Bit9 disclosed Friday that hackers had stolen digital code-signing certificates from its network and dropped malware in the systems of three customers, demonstrating how the weakest link in a security chain can sometime be the security vendor.
Bit9 sells technology that prevents any application that is not on a whitelist of approved software from being installed on a customer's computer system.
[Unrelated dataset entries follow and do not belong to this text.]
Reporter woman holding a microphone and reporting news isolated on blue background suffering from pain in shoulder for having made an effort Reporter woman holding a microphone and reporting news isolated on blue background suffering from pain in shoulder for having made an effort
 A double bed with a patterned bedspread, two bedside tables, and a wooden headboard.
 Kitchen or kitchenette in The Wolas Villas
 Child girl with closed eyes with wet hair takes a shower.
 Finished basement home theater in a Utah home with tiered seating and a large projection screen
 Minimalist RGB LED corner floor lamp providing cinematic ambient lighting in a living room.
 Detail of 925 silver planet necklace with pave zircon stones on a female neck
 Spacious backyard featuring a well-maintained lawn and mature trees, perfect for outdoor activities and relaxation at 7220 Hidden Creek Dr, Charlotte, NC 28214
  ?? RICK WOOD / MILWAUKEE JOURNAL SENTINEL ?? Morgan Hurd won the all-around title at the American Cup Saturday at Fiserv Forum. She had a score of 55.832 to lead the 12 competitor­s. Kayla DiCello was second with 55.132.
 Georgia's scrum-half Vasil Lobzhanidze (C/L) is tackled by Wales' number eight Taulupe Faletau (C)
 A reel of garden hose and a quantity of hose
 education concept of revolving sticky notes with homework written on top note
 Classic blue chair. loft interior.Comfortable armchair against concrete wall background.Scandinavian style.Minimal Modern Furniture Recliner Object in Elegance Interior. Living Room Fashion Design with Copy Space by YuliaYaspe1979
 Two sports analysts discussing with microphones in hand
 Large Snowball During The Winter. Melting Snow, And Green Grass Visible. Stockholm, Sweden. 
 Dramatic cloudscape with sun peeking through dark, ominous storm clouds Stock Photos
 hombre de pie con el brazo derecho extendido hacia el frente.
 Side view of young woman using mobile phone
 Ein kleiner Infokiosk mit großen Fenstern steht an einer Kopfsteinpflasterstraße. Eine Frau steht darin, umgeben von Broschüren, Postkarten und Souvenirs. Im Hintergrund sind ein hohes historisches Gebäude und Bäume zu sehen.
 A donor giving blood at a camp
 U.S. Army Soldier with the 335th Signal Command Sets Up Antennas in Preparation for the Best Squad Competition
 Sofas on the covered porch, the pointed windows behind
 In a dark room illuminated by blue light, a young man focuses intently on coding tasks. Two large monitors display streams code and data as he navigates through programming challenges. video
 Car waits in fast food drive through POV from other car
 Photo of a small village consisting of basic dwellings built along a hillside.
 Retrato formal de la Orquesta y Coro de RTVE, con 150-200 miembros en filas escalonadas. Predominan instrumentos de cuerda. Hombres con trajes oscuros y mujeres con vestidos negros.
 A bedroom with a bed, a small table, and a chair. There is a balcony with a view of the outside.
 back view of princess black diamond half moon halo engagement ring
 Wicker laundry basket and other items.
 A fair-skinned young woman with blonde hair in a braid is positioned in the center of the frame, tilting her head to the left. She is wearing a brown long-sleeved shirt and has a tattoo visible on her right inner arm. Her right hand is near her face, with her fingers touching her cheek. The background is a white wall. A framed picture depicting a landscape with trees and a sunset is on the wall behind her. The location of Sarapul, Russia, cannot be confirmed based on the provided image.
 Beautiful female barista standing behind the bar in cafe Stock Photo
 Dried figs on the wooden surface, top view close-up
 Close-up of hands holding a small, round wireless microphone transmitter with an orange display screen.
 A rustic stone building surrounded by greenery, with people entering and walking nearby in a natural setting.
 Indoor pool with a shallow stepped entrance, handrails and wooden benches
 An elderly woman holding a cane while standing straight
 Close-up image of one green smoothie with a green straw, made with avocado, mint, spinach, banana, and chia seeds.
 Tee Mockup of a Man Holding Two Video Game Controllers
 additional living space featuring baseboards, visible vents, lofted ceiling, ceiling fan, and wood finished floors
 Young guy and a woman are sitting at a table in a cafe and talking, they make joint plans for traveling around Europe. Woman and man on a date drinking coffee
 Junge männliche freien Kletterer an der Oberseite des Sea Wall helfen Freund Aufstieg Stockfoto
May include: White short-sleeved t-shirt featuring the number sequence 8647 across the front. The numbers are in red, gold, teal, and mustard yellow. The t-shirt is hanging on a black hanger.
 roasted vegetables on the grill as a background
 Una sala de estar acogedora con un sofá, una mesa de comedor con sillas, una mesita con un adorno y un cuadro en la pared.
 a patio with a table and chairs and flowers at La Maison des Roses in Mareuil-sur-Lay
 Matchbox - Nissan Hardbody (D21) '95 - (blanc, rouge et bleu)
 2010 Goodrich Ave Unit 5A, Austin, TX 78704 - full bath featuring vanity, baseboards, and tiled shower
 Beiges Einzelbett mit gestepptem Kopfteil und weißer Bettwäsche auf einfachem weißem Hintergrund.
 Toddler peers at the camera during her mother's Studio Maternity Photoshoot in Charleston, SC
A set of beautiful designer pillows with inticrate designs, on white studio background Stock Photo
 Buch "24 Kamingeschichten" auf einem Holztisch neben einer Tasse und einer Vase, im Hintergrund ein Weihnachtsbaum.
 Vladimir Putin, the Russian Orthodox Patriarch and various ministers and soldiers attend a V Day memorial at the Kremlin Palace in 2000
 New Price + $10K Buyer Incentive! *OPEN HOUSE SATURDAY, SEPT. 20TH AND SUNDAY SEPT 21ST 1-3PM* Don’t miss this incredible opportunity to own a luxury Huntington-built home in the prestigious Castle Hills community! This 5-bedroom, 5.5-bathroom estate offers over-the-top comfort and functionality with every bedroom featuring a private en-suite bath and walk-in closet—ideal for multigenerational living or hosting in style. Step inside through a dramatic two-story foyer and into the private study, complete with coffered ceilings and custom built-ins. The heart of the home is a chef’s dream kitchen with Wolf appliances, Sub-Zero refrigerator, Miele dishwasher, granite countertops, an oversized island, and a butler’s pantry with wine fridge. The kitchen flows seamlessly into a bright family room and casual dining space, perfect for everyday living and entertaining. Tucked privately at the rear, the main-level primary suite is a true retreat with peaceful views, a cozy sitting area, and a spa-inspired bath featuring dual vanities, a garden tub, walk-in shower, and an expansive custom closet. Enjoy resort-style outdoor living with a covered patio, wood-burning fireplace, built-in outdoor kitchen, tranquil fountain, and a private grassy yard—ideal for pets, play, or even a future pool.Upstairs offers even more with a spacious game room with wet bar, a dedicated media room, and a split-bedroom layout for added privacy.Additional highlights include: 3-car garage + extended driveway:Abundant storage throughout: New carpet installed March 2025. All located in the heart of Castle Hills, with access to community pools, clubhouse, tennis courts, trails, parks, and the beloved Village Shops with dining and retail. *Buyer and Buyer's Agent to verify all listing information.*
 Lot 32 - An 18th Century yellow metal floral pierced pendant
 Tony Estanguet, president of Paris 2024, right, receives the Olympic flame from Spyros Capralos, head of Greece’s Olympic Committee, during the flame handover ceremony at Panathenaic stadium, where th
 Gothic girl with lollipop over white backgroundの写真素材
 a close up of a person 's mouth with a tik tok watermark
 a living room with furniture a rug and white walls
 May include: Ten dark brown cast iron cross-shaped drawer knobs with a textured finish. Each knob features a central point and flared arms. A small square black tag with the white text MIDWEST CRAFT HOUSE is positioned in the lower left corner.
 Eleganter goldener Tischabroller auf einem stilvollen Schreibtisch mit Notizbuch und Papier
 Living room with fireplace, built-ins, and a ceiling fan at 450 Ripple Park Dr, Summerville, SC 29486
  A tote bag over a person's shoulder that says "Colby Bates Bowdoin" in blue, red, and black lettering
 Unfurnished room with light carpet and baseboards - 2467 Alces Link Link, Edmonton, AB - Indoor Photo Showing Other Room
The hackers apparently decided to get around this normally effective mechanism by going after the vendor itself.
The criminals took advantage of an "operational oversight" in which the vendor had failed to install its own product on a handful of computers within its network. "As a result, a malicious third party was able to illegally gain temporary access to one of our digital code-signing certificates that they then used to illegitimately sign malware," Bit9 Chief Executive Patrick Morley said in a blog post.
Bit9 said it found no weaknesses in its product, which it said was not compromised. Nevertheless, with the certificate in hand, the criminals were able to sign their malware and install it at three Bit9 customers, the vendor said. Bit9 did not identify the customers.
More than 1,000 organizations worldwide use Bit9 technology, including banks, retailers, energy and defense companies and federal agencies. More than two-dozen of its customers are Fortune 500 companies.
Bit9, which declined comment, did not say how the hackers penetrated its networks. However, the company took responsibility for the security breach. "We simply did not follow the best practices we recommend to our customers by making certain our product was on all physical and virtual machines within Bit9," Morley said.
The company took a number of steps to close the vulnerability. First, it revoked the stolen certificate and acquired a new one. It also installed its product on all its systems and is monitoring its whitelisting service for hashes from the illegitimately signed malware.
Jeremiah Grossman, founder and chief technology officer for website security company WhiteHat Security, said the hackers most likely tried and failed to penetrate the networks of Bit9 customers before turning their attention to the vendor itself.
"The weakest point in the chain is not their product. It's Bit9 the company," Grossman said. "That actually syncs up with what we see in the SSL certificate authority world. Bad guys have difficulty breaking SSL certificates on their own, so they go and target the certificate authority directly."
Stolen code-signing certificates has been used many times in malware before. The infamous Stuxnet malware discovered in 2010 used fraudulent certificates in gaining access to Iranian nuclear facilities. Last year, security companies identified multiple malware threats that used stolen certificates to bypass Windows defenses.
Peter Firstbrook, analyst for Gartner, said Bit9 technology could be used to block malware that contain the certificates. "It is just more time consuming," he said in an email.
Nevertheless, the theft highlights why organizations that need very high security should not trust certificates by themselves. "They have to verify the source of the code and identify it with a hash," Firstbrook said.